100% Riesling from Rheingau, Germany.
Organic, hand harvested and naturally fermented using indigenous yeasts.
This wine has notes of tart green apple skin and is resiney and floral with a salty oceanic minerality. On the palate, it's medium-light, but really poised and present with a direct apple and tart pear, citrus salt and almost bitter, phenolic grip that defines the finish and lingers all gravelly cool. It has character, it's refreshing and invigorating and leaves a beautiful glaze of bitter herbal elements.
The estate of J.B. Becker, contrasting with the manicured lawns of neighboring aristocratic estates, could be defined by its dirty-fingered, weathered-skin, mess-of-a-tasting room aesthetic. Hans-Joseph Becker's winemaking has less to do with a condemnation or critique of the noble establishment and more to do with a vision that is so singular and steadfast that it feels totally irrelevant whether anyone thinks Becker's "aesthetic" is genius or folly. It just is. The wines have an in-your-face, love-it-or-hate-it sensibility. They are unfailingly honest. They present a bizarre vocabulary: dried earth and rocks, herbs, something vaguely subterranean, a savory, briny, smoky atmosphere that slowly reveals fine layers of bright citrus.
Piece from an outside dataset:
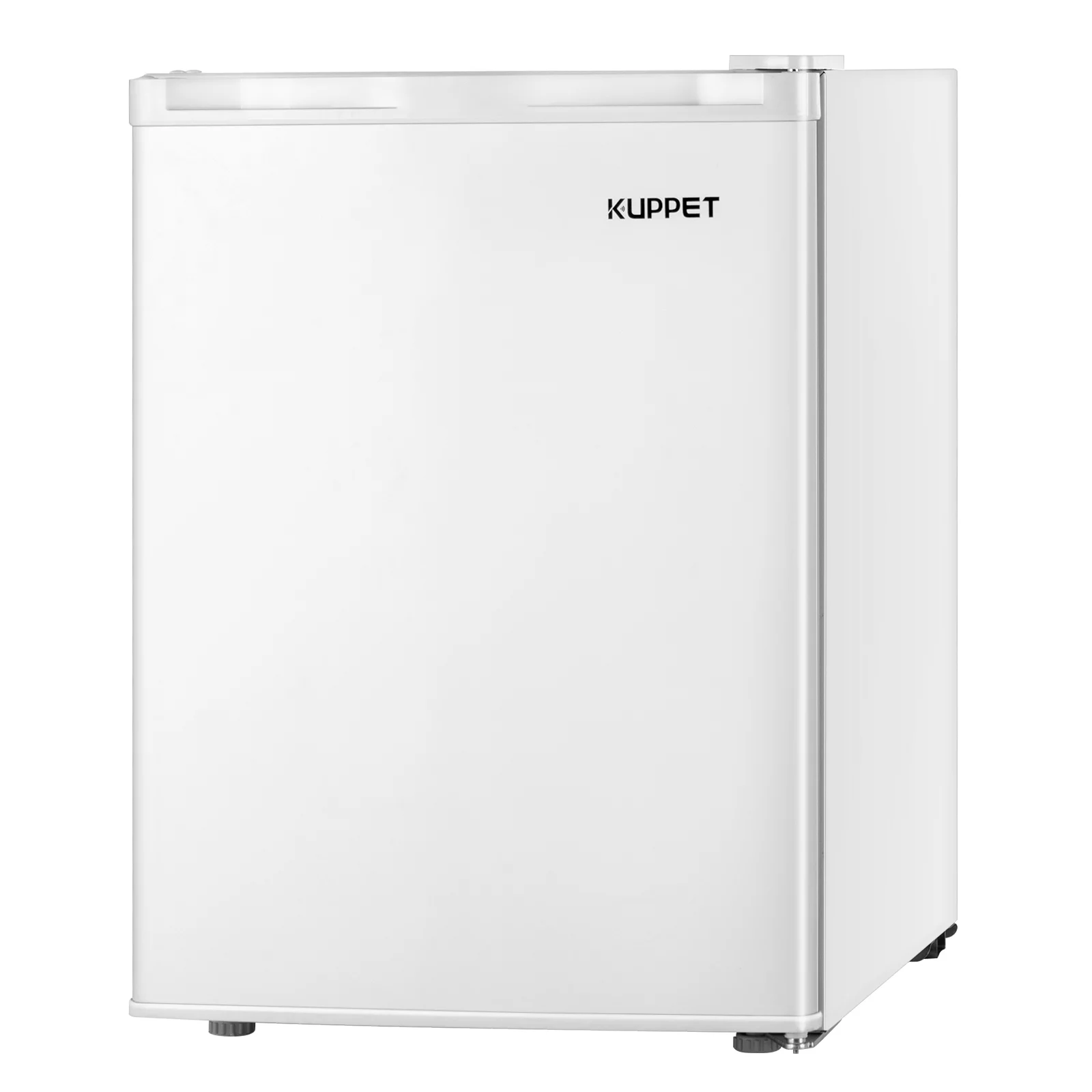 KUPPET Upright Freezer, Compact Reversible Single Door Table Top Mini Freezers for Ice Cream/Breast Milk/Sea Food, Adjustable Removable Shelves, 2.1CU.FT (White)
For all this depth and mysteriousness, Becker's white wines are like Becker himself: angular, tensile with awkward elbows and muscle and sinew pulled tightly over a lean frame. They flaunt a rather prominent acidity that recalls the more nervy wines of the Mosel, Saar and Ruwer, though there is a weight, a density that speaks of the Rheingau. The overall effect, one must say, is bewildering and inspiring. Becker seems to relish the paradox. If there is any grand system here, it is inscrutable.